Felix senta no banco e encolhe o corpo, evitando que Changbin visse as lágrimas insistentes. Ele não sabe o que fazer, deveria consolar Felix? Ou apenas ignorar? Não queria dar esperanças de algo que nunca iria para frente. Ele já pensou em como seria gostar de outros garotos, mas todas as vezes que imaginava estar com outro homem, ele só conseguia pensar em Jisung e Chan. Não existia ninguém para ele além dos dois. Era como se eles estivessem bloqueando a passagem dos seus sentimentos, levando tudo para eles e somente eles, Changbin era deles e de mais ninguém. Sabia disso. Sentia isso.

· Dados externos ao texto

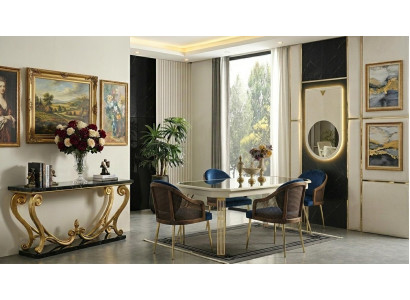 Tisch Spiegel Wohnzimmer Stil modern Farbe beige neu praktisch rechteckig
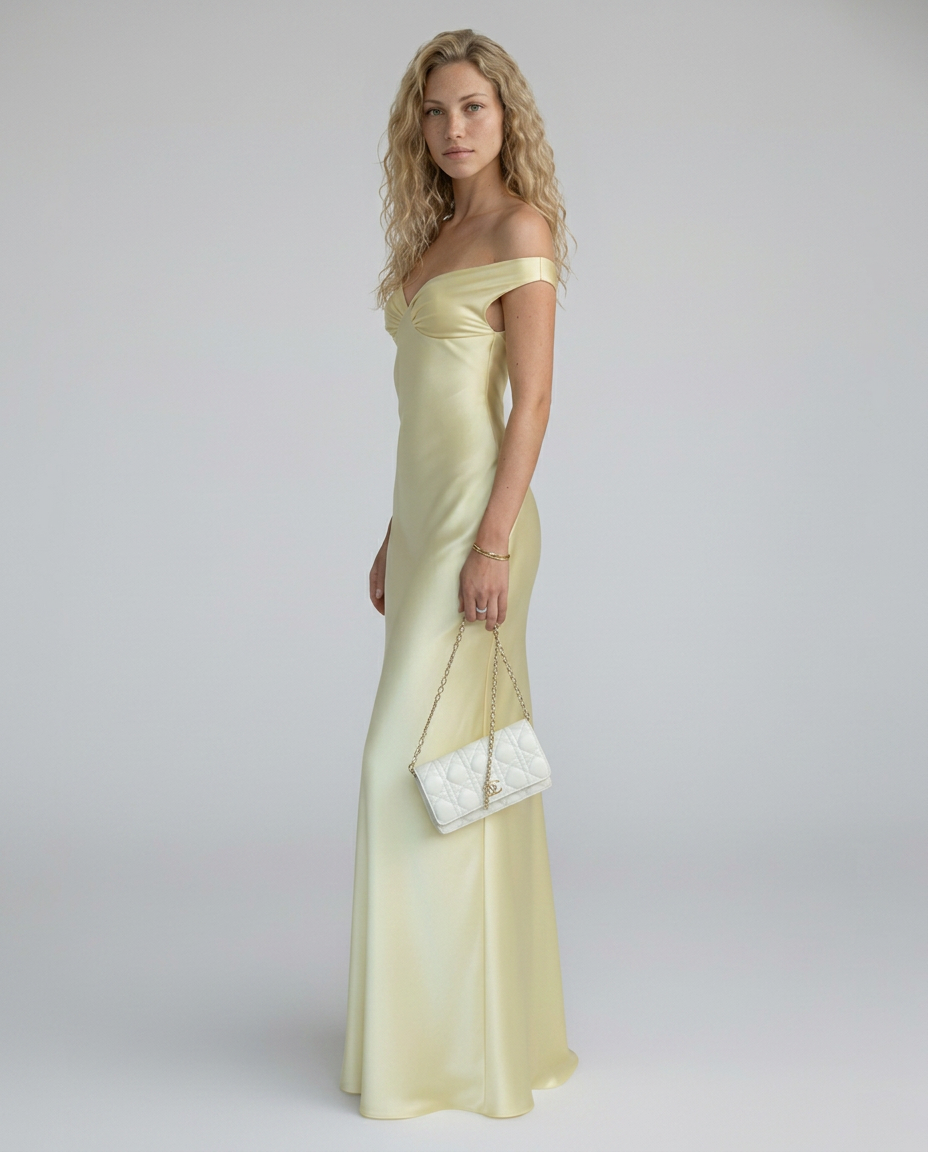 Harlow | Off-Shoulder Fitted Maxi Dress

— Me desculpa, Felix. — Changbin diz. — Aquele cara é Chan, ele é meu amigo. — Não queria se assumir para o menino, ainda receoso do que ele poderia fazer com essa informação. As pessoas naquele orfanato não eram de confiança e Changbin nunca conseguiria confiar totalmente em nenhuma delas. — Não nós vemos há um tempo, ele saiu do orfanato ano passado. Ontem foi aniversário do Jisung e ele veio nos ver. Somos amigos desde sempre. — É desconcertante vê-lo chorar e saber que era o motivo disso, mas Changbin nunca soube o que fazer nessas situações. Ele se aproxima e toca o topo da cabeça de Felix, e ele ergue o rosto vermelho e sujo de lágrimas. — Sinto muito que você goste de mim.
— Eu quem deveria dizer isso. — Ele diz embolado por lágrimas teimosas e um nariz sujo. — Desculpa por gostar de você e por querer me meter na sua vida. — Ele limpa o rosto usando a gola da camisa e se ergue, quase trombando em Changbin. — Não vou te incomodar de novo. — Felix recolhe suas coisas e sai sem dizer mais nada, e Changbin encosta na parede mais próxima para conseguir digerir o que acabou de acontecer.
(...)
— Caramba. — Jisung diz de bochechas cheias do almoço da cantina, logo após de Changbin dizer o que tinha acontecido pela manhã. — Bom, eu sempre desconfiei que ele gostava de você.
— E tudo bem para você? — Changbin não estava com muito apetite, preferindo colocar os pedaços de carne no prato de Jisung e apenas aproveitar da salada que trouxe de acompanhamento.
— Claro. — Ele mexe os ombros com desleixo, levando mais uma colherada de comida à boca. — Eu te conquistei primeiro, eu fui seu primeiro beijo, eu que namoro com você, por que me importaria com isso?
— E se eu gostasse dele de volta? — Resolveu provocar, ciente que Jisung era ciumento. E lá estava. Jisung o olha com desconfiança, a sobrancelha erguida e o bico sujo de comida. Changbin sorri e afaga a orelha dele, como um gato que ganha uma carícia por estar chateado. — É brincadeira. Rejeitei ele na hora, acho que fui até indelicado. Fiquei meio em choque e só falei que não era recíproco. Acho que deveria ter sido um pouco mais… cuidadoso, não sei.
— As vezes é melhor receber logo um não do que nutrir esperanças que não existem. Mesmo que eu não saiba o que é um não, eu tenho dois lindos namorados na minha mão, e quem me rejeitaria? Eu todo lindo e atraente desse jeito. — Ele joga um cabelo longo imaginário por trás do ombro e Changbin revira os olhos, empurrando a cabeça dele. — Vai dizer que é mentira?
— Só come sua comida, garoto. — Ele se estica até Changbin para beijá-lo na bochecha, porém, ao olhar para os lados e notar todos aqueles olhares em sua direção, Changbin rapidamente se afasta. — Aqui não, Han. — Jisung se recolhe e volta a comer em silêncio, talvez mais chateado do que Changbin gostaria que ele ficasse. — Ei, desculpa. — Por debaixo da mesa, ele segura a mão de Jisung, apertando entre os dedos para finalmente conseguir a atenção dele. — Quando estivermos sozinho, você pode me dar quantos beijos quiser, mas não aqui. Não me sinto confortável em fazer isso na frente de todo mundo.
— Eu sei, hyung. Não tô chateado com você, tô chateado com esse lugar. Não vejo a hora de sair daqui com você e o Chan hyung. Tô farto disso. Só quero ir embora logo. — O menor vê o cansaço expresso no semblante exaurido de Jisung, vê as bolsas de água embaixo dos olhos, vê uma preocupação brilhando além das íris negras e percebe que não era só ele que não aguentava mais aquele lugar. Era cansativo para os dois continuar no orfanato, era quase impossível não estar contando os dias para se livrar de todo aquele peso. Lá fora eles ainda seriam meninos órfãos, mas seriam livres. E isso era tudo que Changbin mais queria, liberdade para ser quem realmente era pelo menos uma vez na vida.